Task forces are also effective ways to slow down a push for legislation. Legislators can defer taking action while the task force completes its "review" of the issue. Its a very convenient way to kick an issue down the road until after the immediate emotions have cooled.
2. 2014 Mid-Term Elections
The Democrats have dodged two election threats to their majority in the Senate. They clung to their majority in 2010 and even managed to get back two seats last month. But, the GOP gets a third bite at the apple in 2014, when the Democrats will be defending 20 seats against the GOP's 13. In the 13th, Maine, the GOP would be strongly favored if Susan Collins opts, as expected, to run for reelection. The Democrats, by contrast face a dangerous array of states.
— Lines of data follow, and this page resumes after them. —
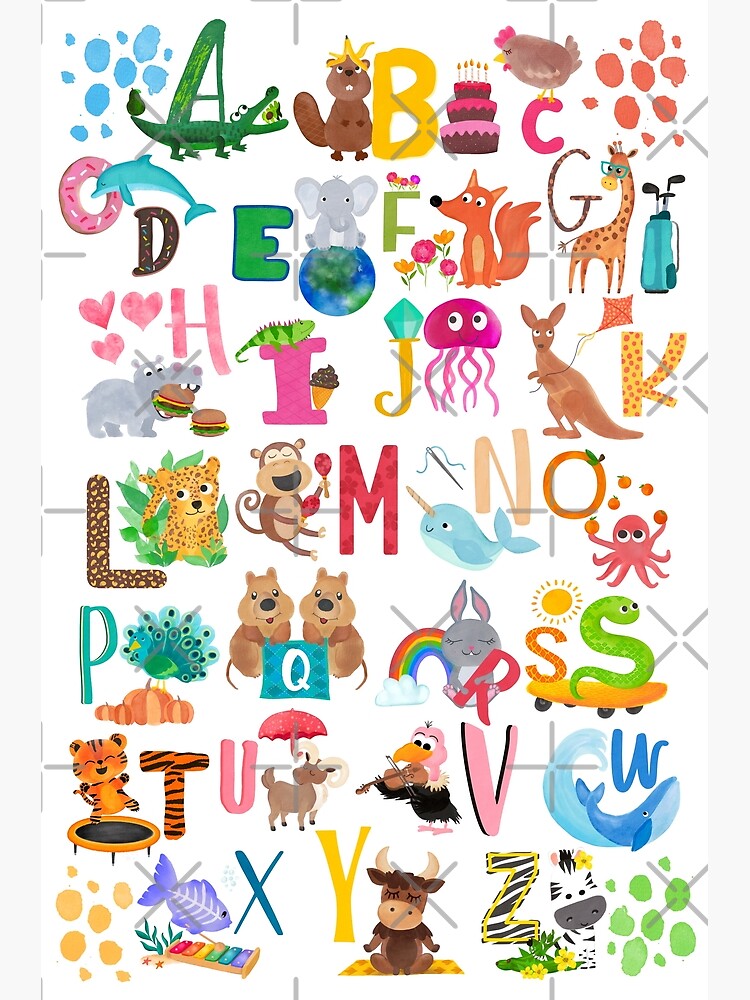 Adorable Animal Alphabet Poster for Sale by SamAnnDesigns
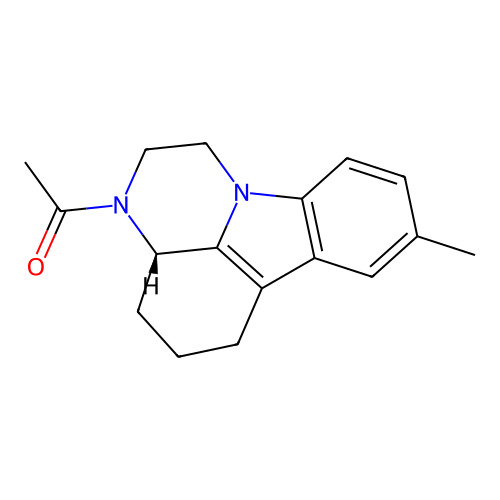 (S)-1-(8-methyl-3a,4,5,6-tetrahydro-1H-pyrazino[3,2,1-jk]carbazol-3(2H)-yl)ethanone structure
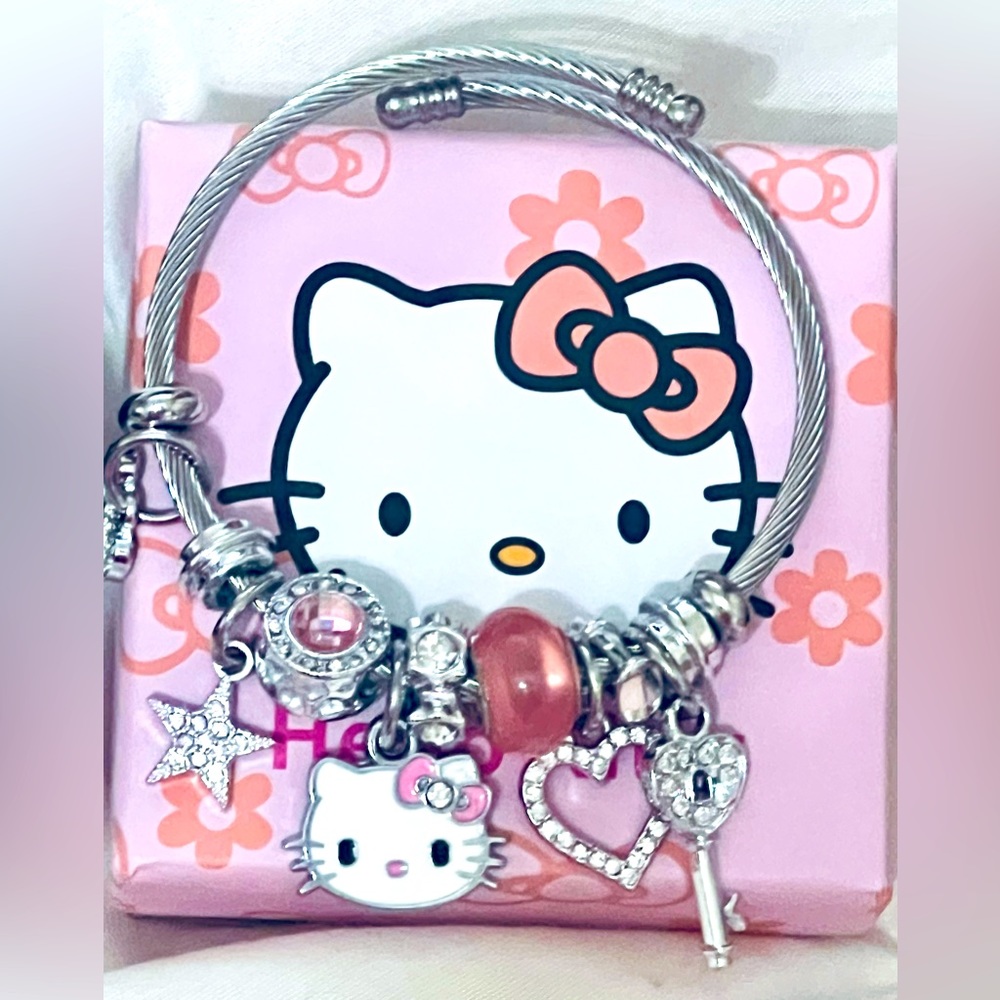 New Hello Kitty Charmed Adjustable Bracelet w/Box
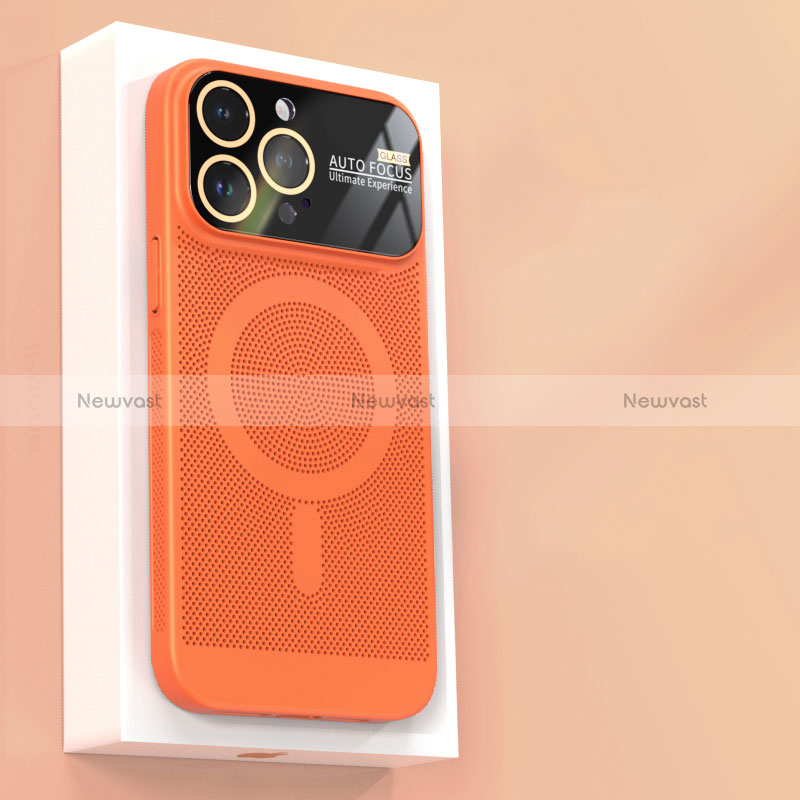 Mesh Hole Hard Rigid Snap On Case Cover with Mag-Safe Magnetic JS1 for Apple iPhone 16 Pro Orange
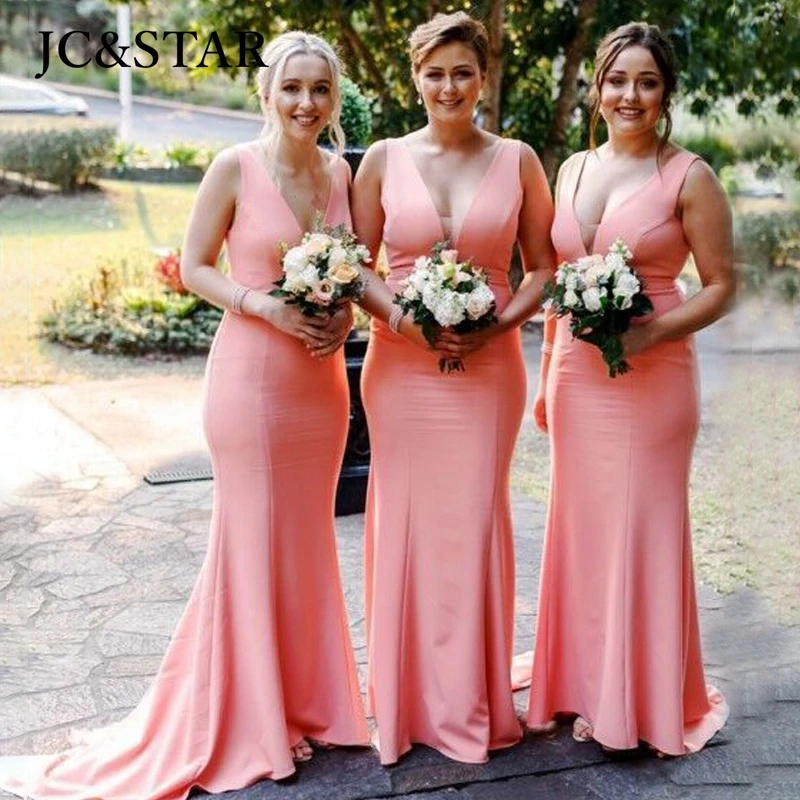 watermelon red bridesmaid dress mermaid vestidos elegantes para mujer para una boda satin deep v neck tulle sexy party Prom Gown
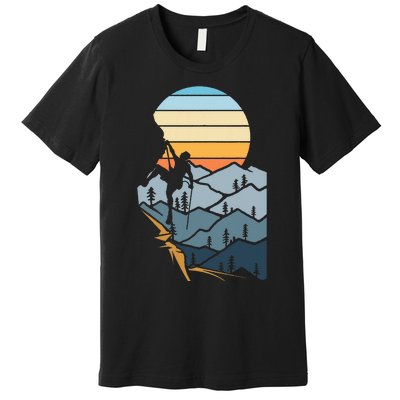 Mountain Climber Boulder Sports Hobby Rock Climbing Premium T-Shirt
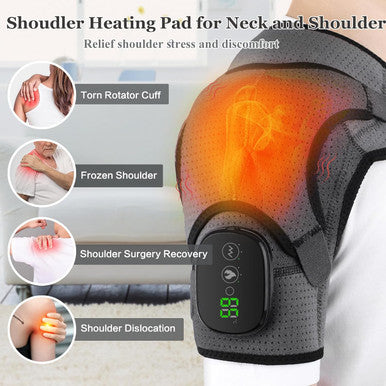 Heated Shoulder Wrap With Massage, Portable Heated Shoulder Brace For Women Men, Cordless Vibration Shoulder Heating Pad For Neck And Shoulder, 3 Heating Setting Shoulder Massager Wrap Braces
Among the states Democrats will be defending are Alaska, Arkansas, Louisiana, North Carolina, West Virginia, Virginia, New Hampshire, Colorado, Iowa, New Mexico and South Dakota. All of these states have very strong blocks of pro-gun voters. In Michigan, the issue could come into play if Sen. Carl Levin decides to retire.
Elections in 2014 are already expected to be a difficult cycle for Democrats. In the modern political era, virtually every party holding the White House has suffered losses in the middle of its second term. The lone exception was 1998, when Bill Clinton was in the middle of his second term. The GOP retained its majority in Congress, but lost a handful of seats. There were very particular circumstances surrounding that loss which aren't likely to be repeated.
Regardless of how the fiscal cliff negotiations end, the economy will remain weak through 2014. There is even a chance the economy slips back into recession. It is unlikely Harry Reid wants to add to the Democrats' challenge by making gun control an issue in the midterm. Midterm's have lower turnout than presidential elections, allowing an energized base of voters, like gun rights supporters, to have an out-sized impact on the results.
3. Obama's Press Conference Today
Obama announced his gun task force at a press conference this afternoon. The tragedy in Connecticut has dominated the news cycle for the past six days. There have been innumerable stories on the shooting and the prospects for new gun control legislation. Yet, the very first question out of the White House press corps was on...the fiscal cliff. In fact, except for two quick questions at the end, every question at the presser was on the fiscal cliff.
This suggests the the press corps doesn't really put a lot of stock into all the current noise about gun control. Its a jaded, cynical group of reporters and they have seen this dance often. If they really thought recent developments had put new momentum behind gun control legislation, they would have asked about it. That would be a big political story.
The chief challenge for gun control advocates is that it isn't at all clear that their proposals would have prevented to shooting at Sandy Hook. The current proposals being discussed have been on gun control wish-lists for decades and don't have any specific application to the events in Newtown.
Obama's press conference today marked the zenith of the new push for gun control. Its momentum will fade as the raw emotions around the shooting recede. With it, the appetite for new gun control laws will fall away. Obama's task force is recognition of that.